In terms of political leadership, National is especially blessed. Most New Zealanders like John Key. In spite of his enormous wealth, he strikes a staggeringly large number of voters as an “ordinary bloke” who shares their values and understands their aspirations. His stand-up comedian’s ability to use humour as both sword and shield generally frees him from the onerous duties of detailed explanation and justification.
I’m not sure it frees him from that, but I agree most people like him, and it is amusing to come across people who not only dislike him themselves (which of course si expected) but they can’t work out how anyone anywhere can like him.
Labour’s leadership problems are the mirror-image of National’s. David Cunliffe is not yet understood or, sadly, much liked by the electorate. He simply doesn’t come across as an ordinary bloke – quite the reverse in fact – and the pollsters have yet to detect the sort of wholesale buy-in to the Opposition leader’s values and aspirations that presages a decisive shift in ideological allegiances.

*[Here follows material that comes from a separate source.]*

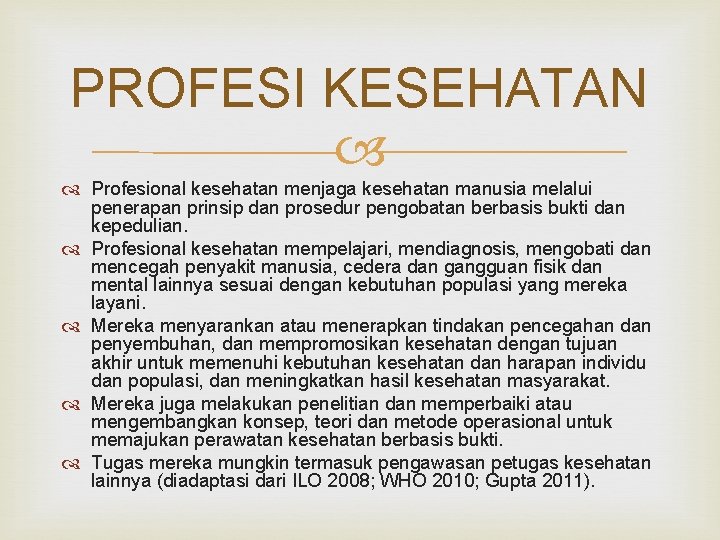 PROFESI KESEHATAN Profesional kesehatan menjaga kesehatan manusia melalui penerapan prinsip dan prosedur pengobatan berbasis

Neither is Cunliffe helped by his bizarre propensity to withhold politically relevant information from the public. Nothing arouses a journalist’s fury faster than a politician’s failure to supply the whole story.
Indeed, as others have also found.
Mr Key’s strategy of making haste slowly on these little things while seeking an electoral mandate for the big things (like partial privatisation) goes a long way to explaining his government’s enduring lead in the opinion polls.
It’s called taking the public with you, so change can be enduring.
All of which brings us down to the day itself.Month after month of favourable polls; a leader careful to build his footpaths where people walk; policies which voters either hardly notice or readily endorse; and a war-chest more than equal to the challenge of exploiting all these substantial advantages will not only have National’s supporters in a triumphant temper, but they will also have induced a profound demoralisation among their opponents.Election Day 2014 – barring that big surprise – will, therefore, likely see National’s supporters marching proudly, as to a political coronation, while Labour and Green supporters, convinced they’ve already lost, deliver John Key an unparalleled National victory and the psephologists a record low turnout.